By Karl Setzer
The corn balance sheets released from the Ag Outlook Forum were mostly as expected by trade. Corn plantings are projected at 92 million acres with harvested at 84.4 million. Yield is projected at 179.5 bushels per acre (bpa) for a 15.15 billion bu (bbu) crop. Corn demand was bumped 500 million bu (mbu) mainly from feed and ethanol. Ending stocks for the 2021-22 yeah are projected at 1.55 bbu, 50 mbu more than this year’s ending stocks estimate. This is a 10 percent stocks-to-use ratio, basically unchanged from this year. The average cash corn value is predicted at $4.20 per bushel, 10 cents less than this year.
Soybean balance sheets were also mostly as expected. Soybean plantings are projected at 90 million acres for the upcoming year and harvested acres at 89.1 million. The soybean yield is predicted at 50.8 bpa for a 4.5 bbu crop. Rationing is expected to continue in soybeans, but the overall benefit for ending stocks may be limited.
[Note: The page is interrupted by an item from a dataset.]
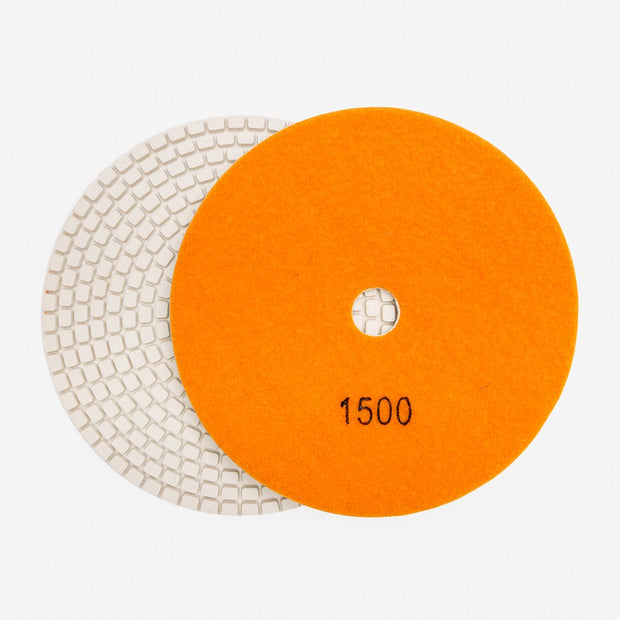 WHITE Polishing Pad - 1500Grit- 125mm 5"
Ending stocks for the 2021-22 marketing year are projected at 145 mbu, only 20 mbu more than the old crop estimate. This remains a minimal 3.2 percent stocks to use. New crop cash values are forecast to average $11.25 by the USDA, 10 cents more than for old crop.
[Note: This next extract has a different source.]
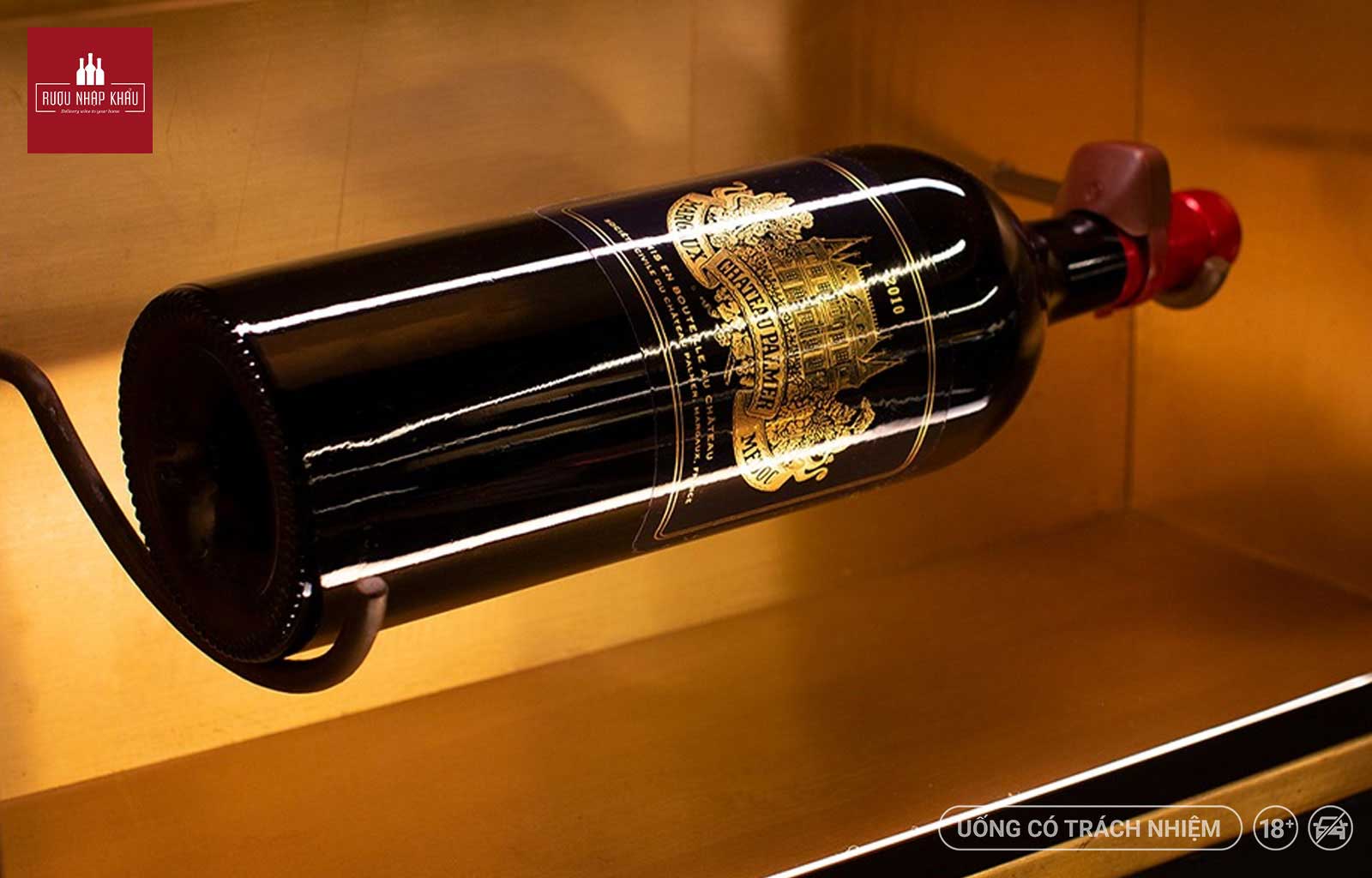 Khám phá sự bí ẩn của chai rượu vang Pháp Château Palmer 2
The Outlook Forum is predicting the largest changes for the wheat balance sheets. U.S. wheat plantings are forecast at 45 million this year with harvested acres at 37.2 million. Average yield on wheat is predicted at 49.1 bpa for a 1.8 bbu crop. Higher feed usage is pegged but exports are anticipated to decline. Ending stocks are still forecast to shrink 138 mbu for a 698 mbu carryover. This will give the United States a 33 percent stocks to use, and while ample, it is considerably lower than in recent years. The average cash value on U.S. wheat is predicted to increase 50 cents for a $5.50 average.
While at a slower than normal pace, the Brazilian harvest is underway. Harvest has been slowed from the delays to plantings and sluggish development from drought conditions. Field scouts in the country claim yield has not been hurt as much as thought though and a record crop is still expected. These individuals put the crop from 131 to 133 million metric tons (mmt). As the Brazilian harvest pace increases, we will start to see U.S. exports slow.
Even with a slower harvest pace, Brazil is selling a large volume of soybeans. According to the firm Safras, Brazil has sold 58 percent of its intended soybean production. This is up from the 43 percent that was sold last year at this time and the normal sales pace of 39 percent. Record high returns have prompted the elevated selling. It was thought Brazil may slow its selling rate after depleting its reserves a year ago, but this is not the case. Safras is basing its sales percentage on a 133 mmt crop, so the actual percentage amount booked may be even larger.
Trade is increasingly interested in what impact the delay we have seen to the soybean harvest in Brazil will have on overall production in the country. While this is likely to be limited on soybeans, it may have an impact on double-cropped corn. The leading grain production state of Matto Grasso is only reporting 1 percent of the Safrinha crop has been seeded. This compares to last year’s 10 percent and the five-year average of 9.5 percent. The Brazilian government puts a final planting date on corn to give the soil a rest before the next soybean crop, and concerns are starting to arise that this may be met.
As soybean demand starts to shift toward South America we will start to see more demand for U.S. corn in the global market. While corn sales have been steady and exports are high, the shift in soybean supplies will open the door for elevated port space for corn loadings. Thoughts are this will allow U.S. corn loadings to make up the lost ground they have seen this marketing year. If not, some analysts may start to back off their yearly corn demand figures, even with sizable sales already on the books.
One benefit for soybeans right now, other than exports, is the strong crush margins we are seeing. Data shows the average U.S. crush margin right now is close to $1.10 per bushel, even with elevated soybean futures. This is from the low crush we are seeing in South America and how it is bringing buyers to the United States. Given current U.S. feed demand this is likely to continue. High crush margins are also being reported in the global market, mainly in China, as that country rebuilds its hog herd.
Traders again are showing more interest in the U.S. dollar and its value. After bottoming in early January, the U.S. dollar has started to show strength. While the dollar has a long way to go to get back to the levels of late 2020, they have started to impact commodity values. A stronger dollar will help ration U.S. commodity demand as it raises the cost of the product for a foreign buyer. As the U.S. dollar rallies it will reduce the need for higher commodity values to ration inventory.